- **Task requirements**
Using the records below, output the stretch that opens with the line containing "used 2023 Acura RDX car, priced at $40,500" and closes with the line containing "Mandrake Planter from", exactly and including both lines, with nothing more.

Start of Task data

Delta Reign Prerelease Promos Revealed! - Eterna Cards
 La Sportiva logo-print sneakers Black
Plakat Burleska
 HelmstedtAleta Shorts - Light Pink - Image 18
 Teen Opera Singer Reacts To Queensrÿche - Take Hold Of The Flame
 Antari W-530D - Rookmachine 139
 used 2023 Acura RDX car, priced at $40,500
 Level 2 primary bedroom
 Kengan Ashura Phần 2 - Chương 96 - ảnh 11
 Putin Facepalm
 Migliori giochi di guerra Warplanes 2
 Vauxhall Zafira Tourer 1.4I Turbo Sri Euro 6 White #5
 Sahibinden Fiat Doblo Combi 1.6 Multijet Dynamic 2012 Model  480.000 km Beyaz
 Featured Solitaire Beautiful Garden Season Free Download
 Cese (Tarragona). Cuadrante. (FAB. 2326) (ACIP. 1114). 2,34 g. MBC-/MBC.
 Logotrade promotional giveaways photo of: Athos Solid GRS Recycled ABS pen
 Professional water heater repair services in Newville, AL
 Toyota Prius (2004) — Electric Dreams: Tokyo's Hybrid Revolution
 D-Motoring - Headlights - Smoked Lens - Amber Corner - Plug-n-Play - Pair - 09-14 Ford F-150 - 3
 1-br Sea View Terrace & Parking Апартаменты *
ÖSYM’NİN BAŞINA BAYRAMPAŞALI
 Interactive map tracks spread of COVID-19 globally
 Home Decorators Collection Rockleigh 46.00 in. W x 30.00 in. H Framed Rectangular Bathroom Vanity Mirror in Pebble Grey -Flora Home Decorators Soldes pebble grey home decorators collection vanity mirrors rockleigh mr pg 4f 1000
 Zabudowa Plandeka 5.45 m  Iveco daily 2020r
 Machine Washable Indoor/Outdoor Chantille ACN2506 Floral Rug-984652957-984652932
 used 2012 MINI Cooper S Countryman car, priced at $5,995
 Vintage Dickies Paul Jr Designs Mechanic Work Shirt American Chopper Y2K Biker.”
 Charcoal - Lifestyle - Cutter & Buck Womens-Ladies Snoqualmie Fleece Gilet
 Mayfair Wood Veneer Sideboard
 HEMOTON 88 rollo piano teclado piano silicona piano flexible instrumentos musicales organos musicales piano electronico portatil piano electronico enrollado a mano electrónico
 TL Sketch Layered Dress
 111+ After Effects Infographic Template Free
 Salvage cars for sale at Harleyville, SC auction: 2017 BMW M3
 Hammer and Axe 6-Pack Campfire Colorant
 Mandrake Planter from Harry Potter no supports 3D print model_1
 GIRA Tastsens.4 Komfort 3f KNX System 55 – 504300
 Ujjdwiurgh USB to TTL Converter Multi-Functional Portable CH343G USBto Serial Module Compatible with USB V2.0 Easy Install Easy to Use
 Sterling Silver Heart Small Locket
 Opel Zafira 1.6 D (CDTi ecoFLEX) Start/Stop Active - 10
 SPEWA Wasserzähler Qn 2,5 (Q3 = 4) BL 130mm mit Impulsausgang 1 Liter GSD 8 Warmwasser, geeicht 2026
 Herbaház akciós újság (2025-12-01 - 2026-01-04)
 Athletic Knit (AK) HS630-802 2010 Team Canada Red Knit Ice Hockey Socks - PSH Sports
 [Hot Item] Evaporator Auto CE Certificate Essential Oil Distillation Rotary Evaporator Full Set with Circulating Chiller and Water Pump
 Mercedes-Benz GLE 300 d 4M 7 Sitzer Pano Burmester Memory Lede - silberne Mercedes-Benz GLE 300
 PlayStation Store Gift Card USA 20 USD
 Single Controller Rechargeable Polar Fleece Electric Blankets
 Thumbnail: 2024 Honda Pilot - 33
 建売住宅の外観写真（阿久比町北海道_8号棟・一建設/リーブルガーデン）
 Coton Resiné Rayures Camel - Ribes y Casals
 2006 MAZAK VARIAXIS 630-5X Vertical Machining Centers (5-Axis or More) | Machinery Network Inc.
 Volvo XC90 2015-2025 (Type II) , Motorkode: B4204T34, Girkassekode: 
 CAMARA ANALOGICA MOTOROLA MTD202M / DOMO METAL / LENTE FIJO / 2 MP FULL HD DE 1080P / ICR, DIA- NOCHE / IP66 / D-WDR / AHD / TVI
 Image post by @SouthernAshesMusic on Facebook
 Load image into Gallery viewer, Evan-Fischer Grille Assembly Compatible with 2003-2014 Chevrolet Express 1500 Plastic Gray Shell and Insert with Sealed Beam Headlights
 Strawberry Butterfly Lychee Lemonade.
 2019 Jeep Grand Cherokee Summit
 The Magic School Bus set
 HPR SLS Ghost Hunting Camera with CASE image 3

End of Task data

- **Answer to this problem**
 used 2023 Acura RDX car, priced at $40,500
 Level 2 primary bedroom
 Kengan Ashura Phần 2 - Chương 96 - ảnh 11
 Putin Facepalm
 Migliori giochi di guerra Warplanes 2
 Vauxhall Zafira Tourer 1.4I Turbo Sri Euro 6 White #5
 Sahibinden Fiat Doblo Combi 1.6 Multijet Dynamic 2012 Model  480.000 km Beyaz
 Featured Solitaire Beautiful Garden Season Free Download
 Cese (Tarragona). Cuadrante. (FAB. 2326) (ACIP. 1114). 2,34 g. MBC-/MBC.
 Logotrade promotional giveaways photo of: Athos Solid GRS Recycled ABS pen
 Professional water heater repair services in Newville, AL
 Toyota Prius (2004) — Electric Dreams: Tokyo's Hybrid Revolution
 D-Motoring - Headlights - Smoked Lens - Amber Corner - Plug-n-Play - Pair - 09-14 Ford F-150 - 3
 1-br Sea View Terrace & Parking Апартаменты *
ÖSYM’NİN BAŞINA BAYRAMPAŞALI
 Interactive map tracks spread of COVID-19 globally
 Home Decorators Collection Rockleigh 46.00 in. W x 30.00 in. H Framed Rectangular Bathroom Vanity Mirror in Pebble Grey -Flora Home Decorators Soldes pebble grey home decorators collection vanity mirrors rockleigh mr pg 4f 1000
 Zabudowa Plandeka 5.45 m  Iveco daily 2020r
 Machine Washable Indoor/Outdoor Chantille ACN2506 Floral Rug-984652957-984652932
 used 2012 MINI Cooper S Countryman car, priced at $5,995
 Vintage Dickies Paul Jr Designs Mechanic Work Shirt American Chopper Y2K Biker.”
 Charcoal - Lifestyle - Cutter & Buck Womens-Ladies Snoqualmie Fleece Gilet
 Mayfair Wood Veneer Sideboard
 HEMOTON 88 rollo piano teclado piano silicona piano flexible instrumentos musicales organos musicales piano electronico portatil piano electronico enrollado a mano electrónico
 TL Sketch Layered Dress
 111+ After Effects Infographic Template Free
 Salvage cars for sale at Harleyville, SC auction: 2017 BMW M3
 Hammer and Axe 6-Pack Campfire Colorant
 Mandrake Planter from Harry Potter no supports 3D print model_1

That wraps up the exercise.